Software assigns priority to probability of exploitation of vulnerabilities
Leusden, 13 October 2022 – Tesorion, the largest, 100 percent Dutch, independent cyber security service provider, has developed software for Incident Response Teams. This software not only helps Incident Response Teams identify vulnerabilities in applications but also indicates the probability of being exploited by cyber criminals. The Tesorion Vulnerability Explorer bundles the public information available from the NVD CVE database, the Common Vulnerability Scoring System (CVSS) and Exploit Prediction Scoring System (EPSS). Tesorion Vulnerability Explorer is open source and can be downloaded at Github. The software is a proof-of-concept and in development, but can already be used.
The working of the Tesorion Vulnerability Explorer
The Tesorion Computer Emergency Response Team (T-CERT) developed the Tesorion Vulnerability Explorer to fully utilize the relatively new EPSS framework. CVSS is a powerful and standardized way to determine the potential impact of a vulnerability, but not the chance of a vulnerability being exploited. The probability score is subsequently expressed in a rational number between 0 and 1. The higher the score, the greater the chance that a vulnerability will be exploited.
By correlating public information, possibly-exploited vulnerabilities can be identified during an Incident Response action. The power of the software is the filter which makes it possible to determine which vulnerabilities are the most probable to be exploited for a certain released application and software version. A trend line shows the development of the chance of exploitation.
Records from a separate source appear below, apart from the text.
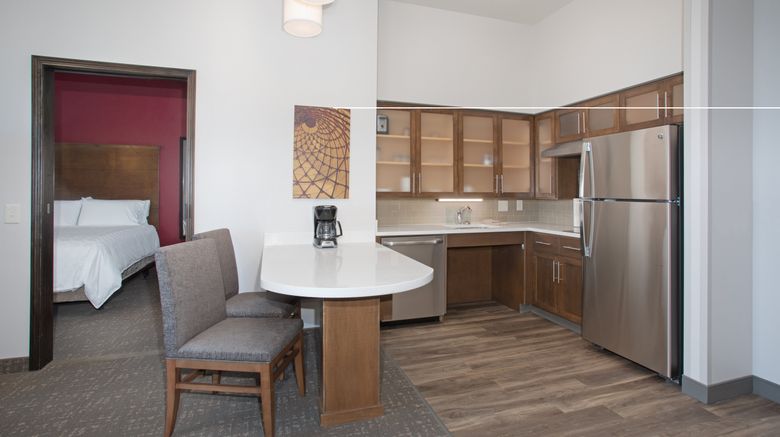<b>Staybridge Suites Rushmore Room</b>. Images powered by <a href="https://www.leonardoworldwide.com/" title="Leonardo Worldwide" target="_blank">Leonardo</a>.
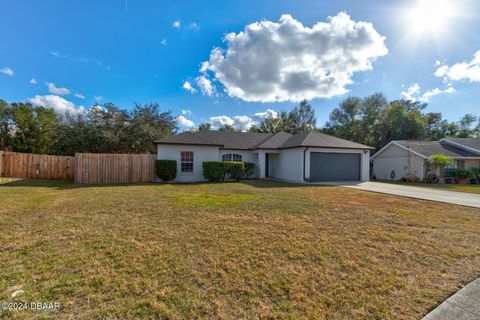 A home in Deltona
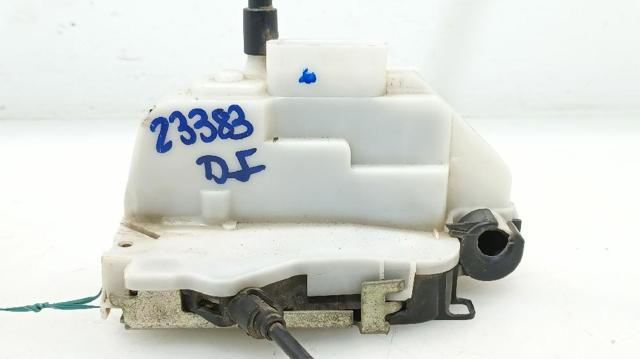 Zamek drzwi przednich lewych Citroen C3 1 FC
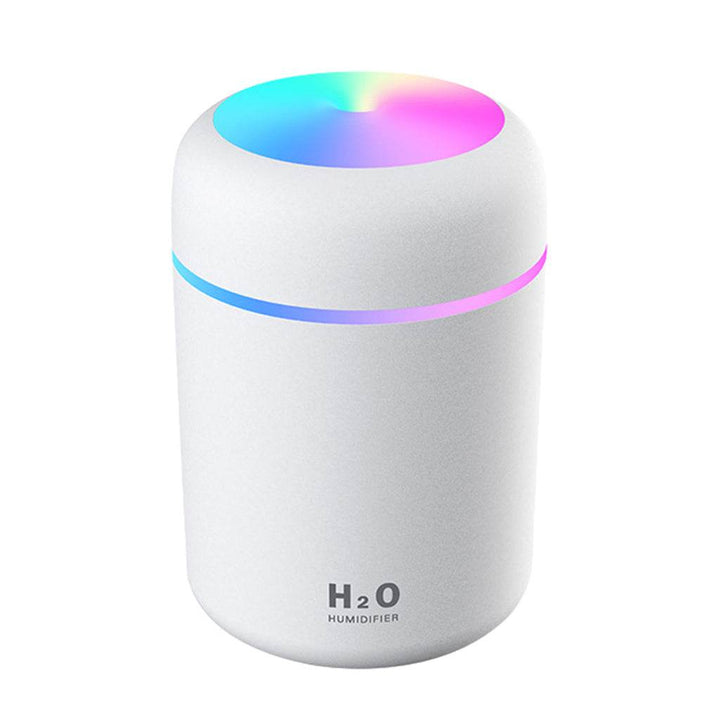 Ultrasonic Aromatherapy Essential Oil Diffuser - ZEYTONCART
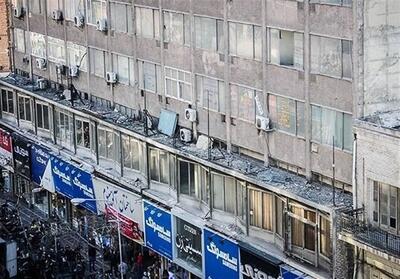 تعداد ساختمانهای ناایمن تهران به 60 مورد رسید - تسنیم
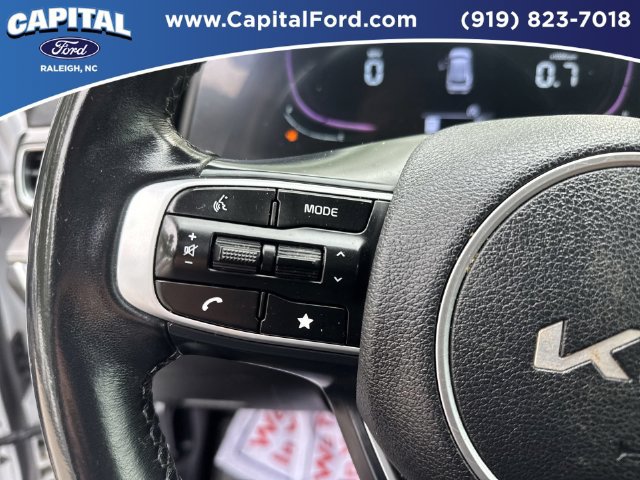 Used 2024 Kia Sportage EX AWD/4WD image 22
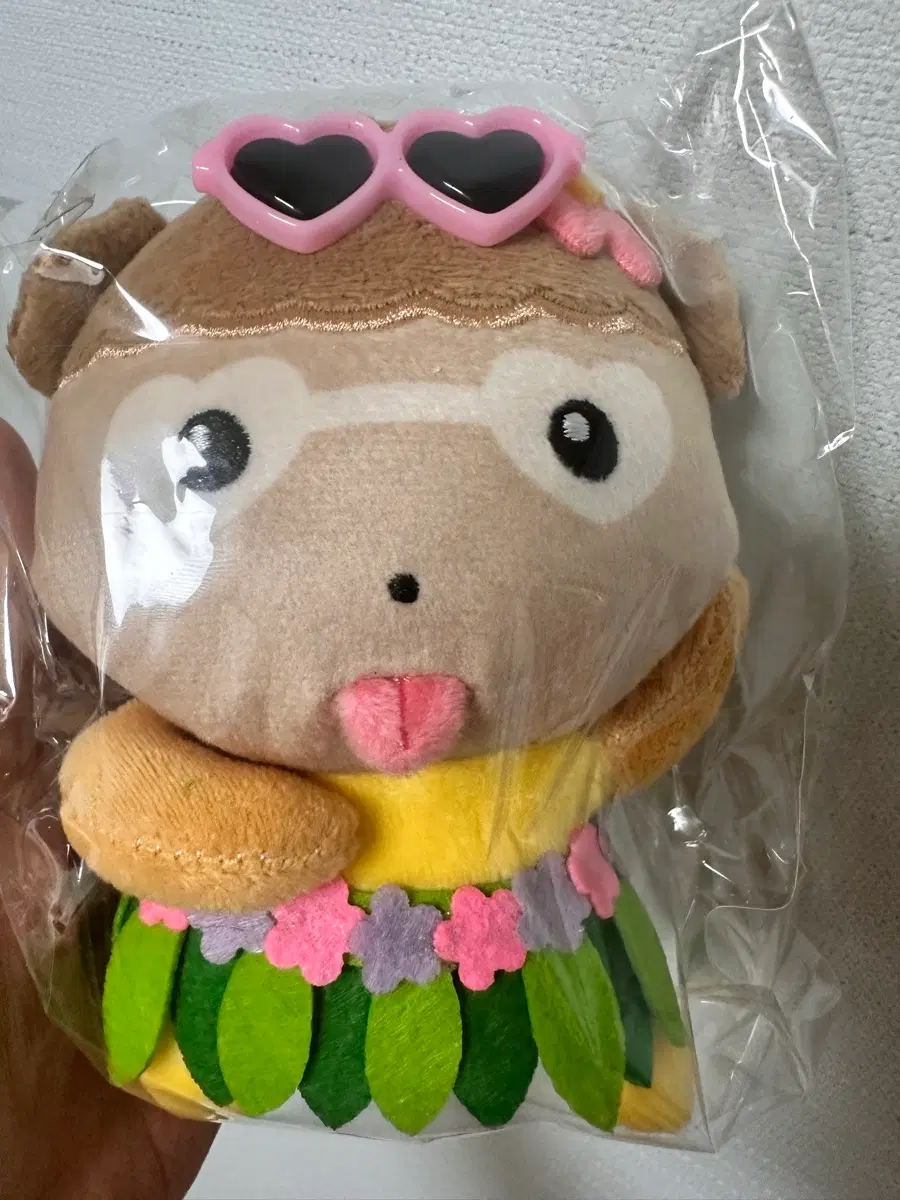 마루는강쥐 인형 미개봉 팝니다 올리브영콜라보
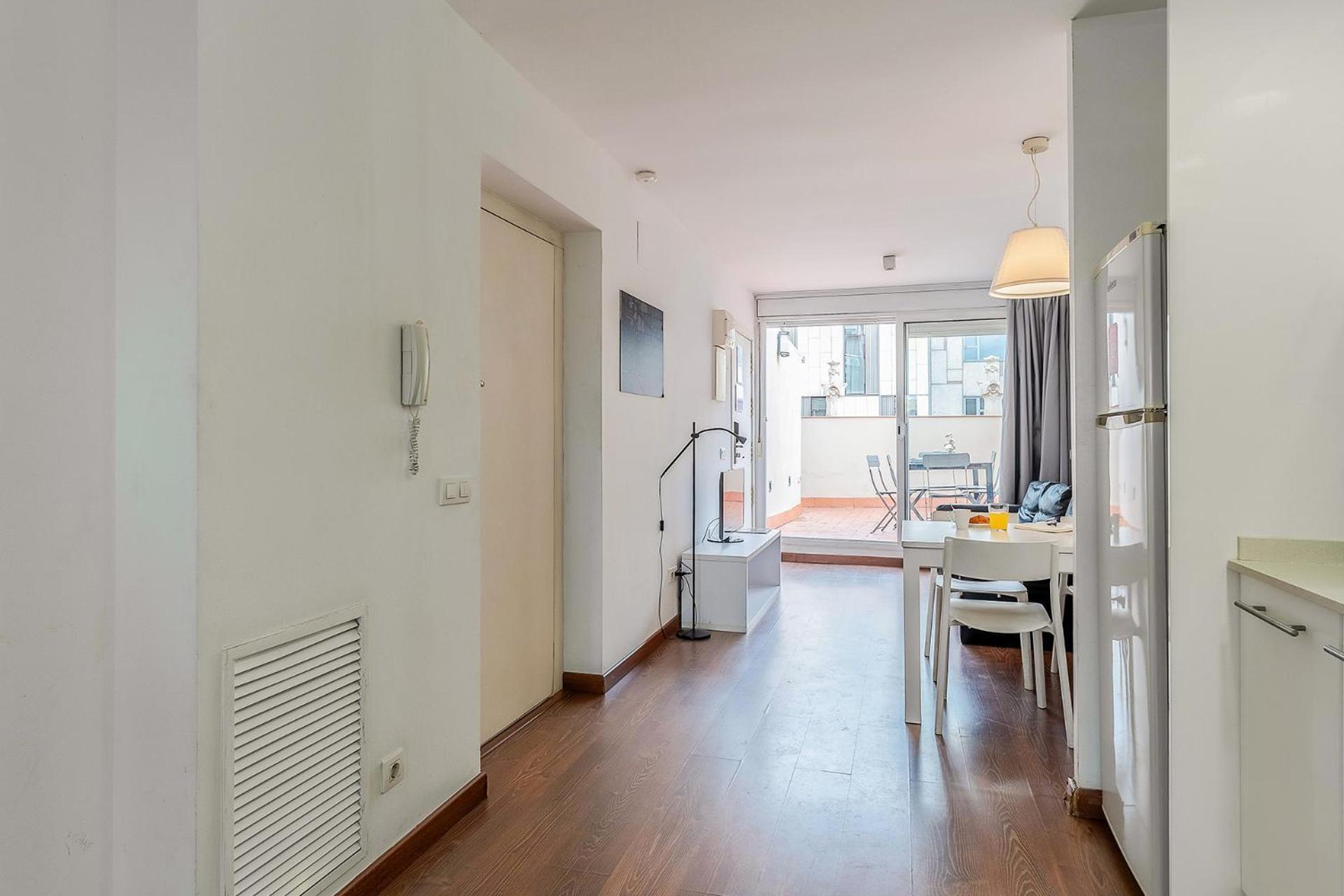 Blackandwhitehome Montjuïc-Fira Барселона Екстериор снимка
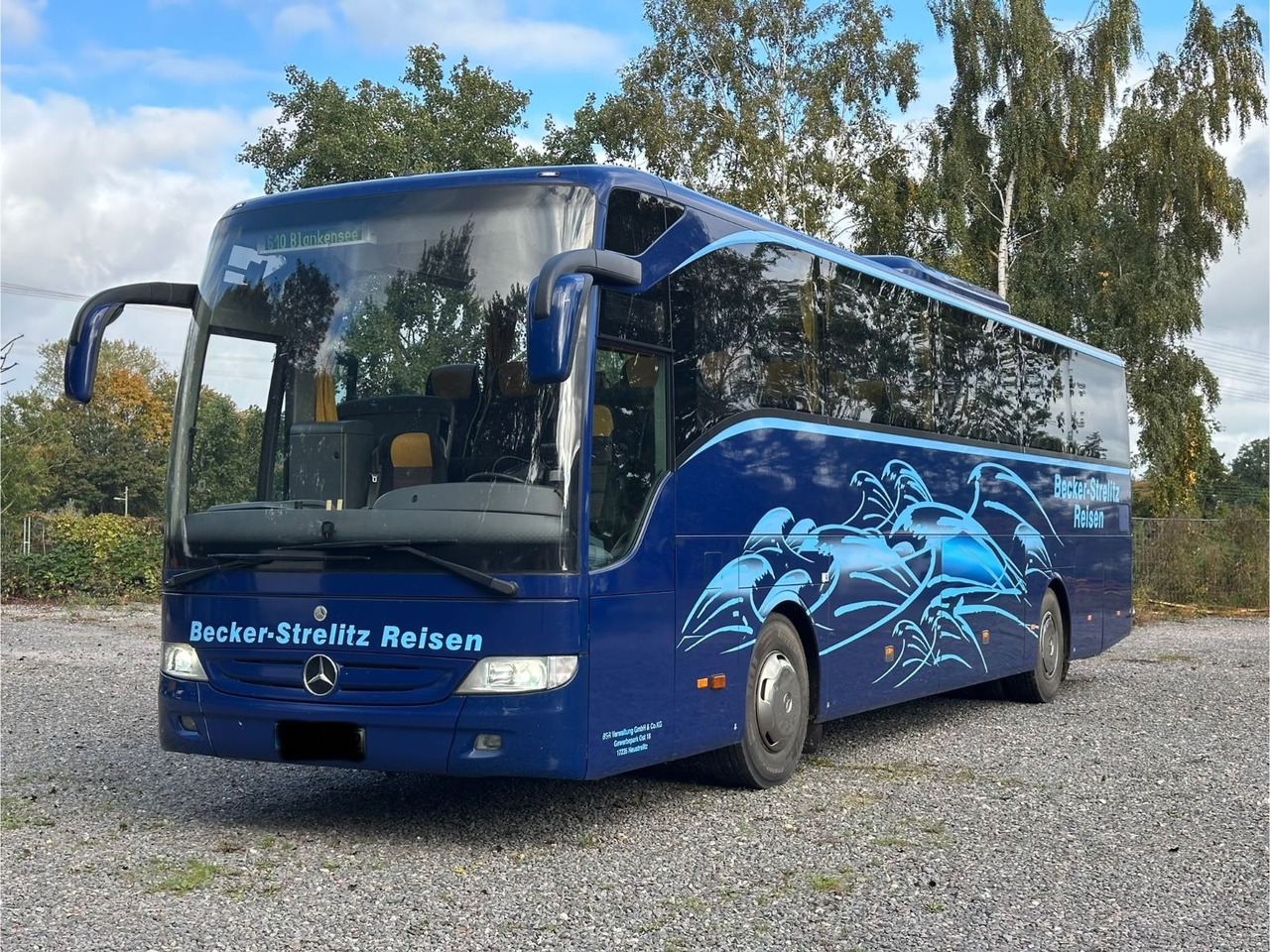 Mercedes-Benz Tourismo O350 RHD (Euro 6 VI *DE*TOP) - Távolsági busz: 1 kép. Mercedes-Benz Tourismo O350 RHD (Euro 6 VI *DE*TOP) - Távolsági busz: 1 kép.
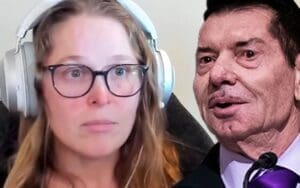 Ronda Rousey Claims Anyone Is Better Than Vince McMahon as Head of WWE Ronda Rousey Claims Anyone Is Better Than Vince McMahon as Head of WWE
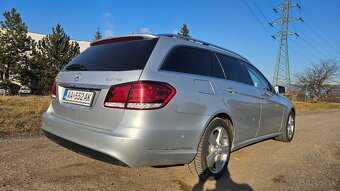 Mercedes-Benz E trieda Kombi 350 CDI Avantgarde 4matic - 4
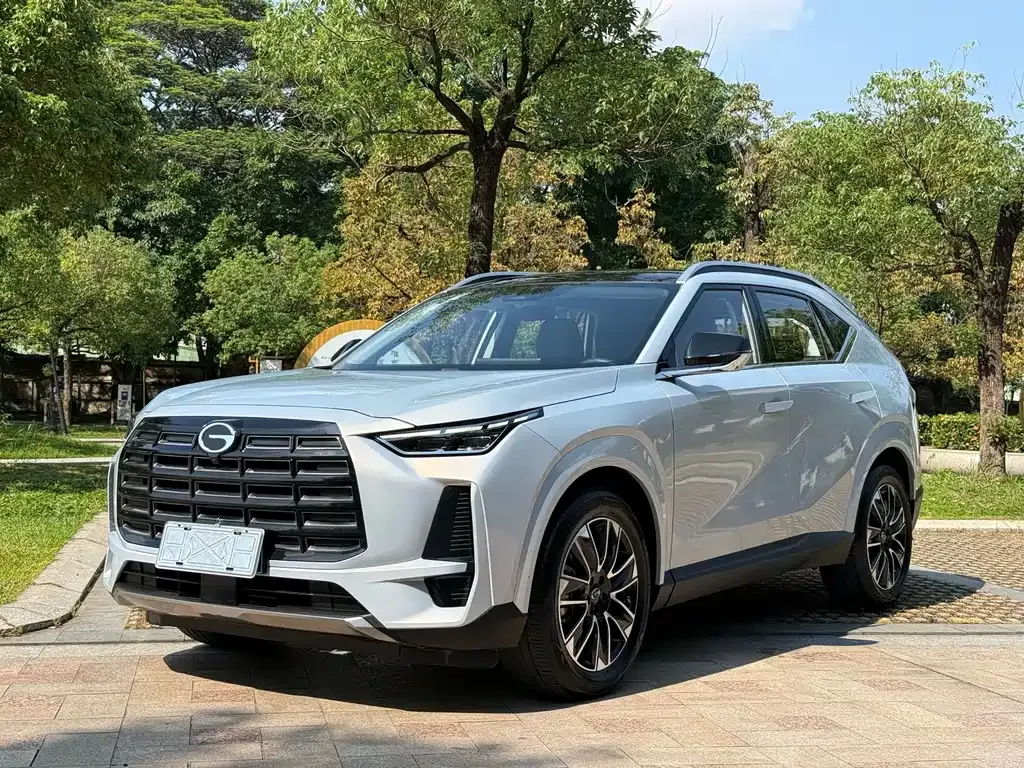GAC Motor Trumpchi GS4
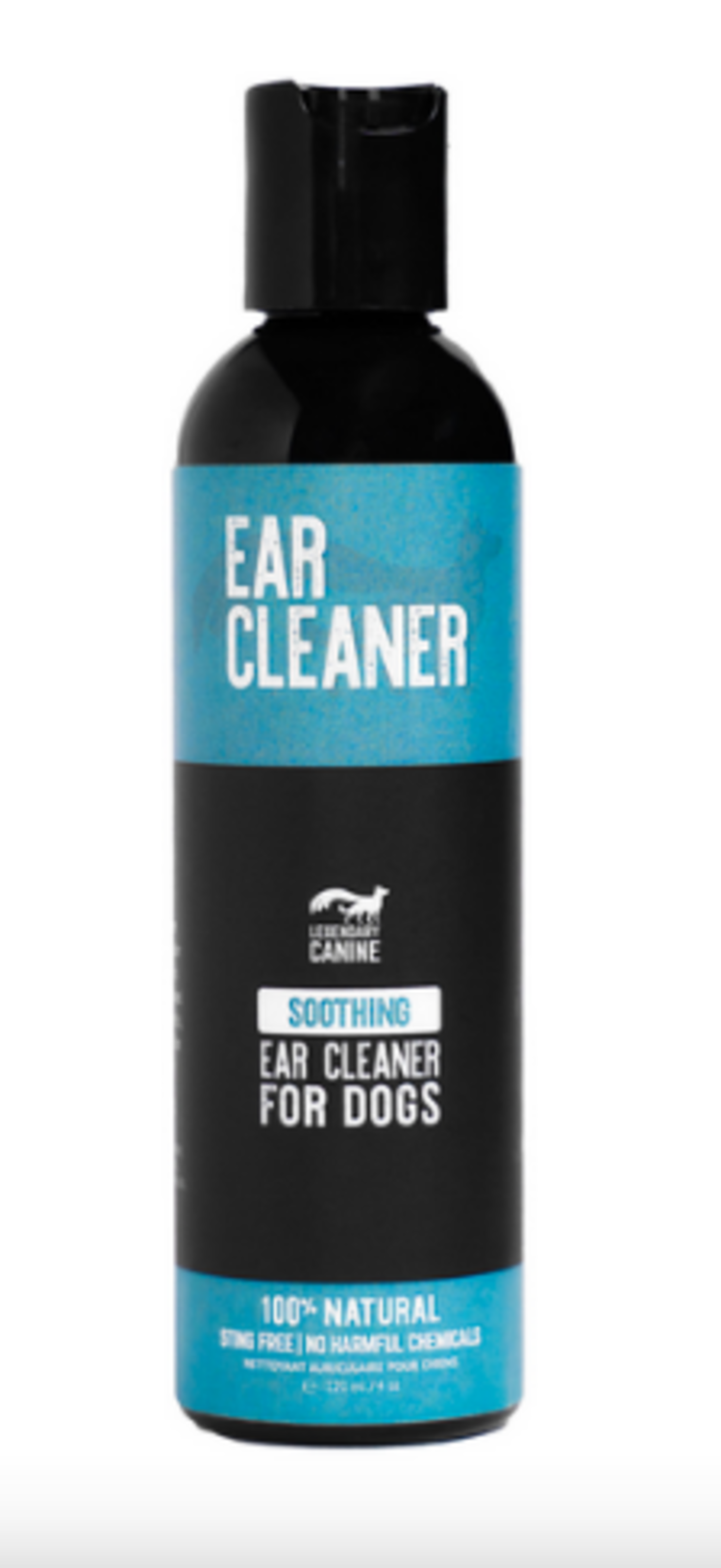 Big Country Raw Legendary Canine - Ear Cleaner - 120ml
Lodi Hensen, Head of Incident Response & Threat Intelligence at Tesorion: “This is the second tool we are giving back to the community. Earlier this year we developed and shared the Cumulonimbus-UAL_Extractor. Using this, Incident Response Teams can take relevant data from the Microsoft 365 environment in order to research it in their own environment. The idea for the Tesorion Vulnerability Explorer came to life during an Incident Response case. We ran into the problem of not knowing how likely it was for a vulnerability to actually be exploited. For this reason, one of our experts got to work with developing the software based on the EPSS framework, to be able to work more efficiently. Following that our expert talked to the creators of the EPSS to confirm whether our interpretation and idea for the Tesorion Vulnerability Explorer are correct. It is nice to now not only rely on our operational experience but also be able to fall back on substantiation on the basis of data. When dealing with cyber security incidents, time is a key factor in preventing or minimizing any damages. The quicker we are able to make a good estimate, the more adequately we can help the customer.”
The Tesorion Vulnerability Explorer can be downloaded for free at Github.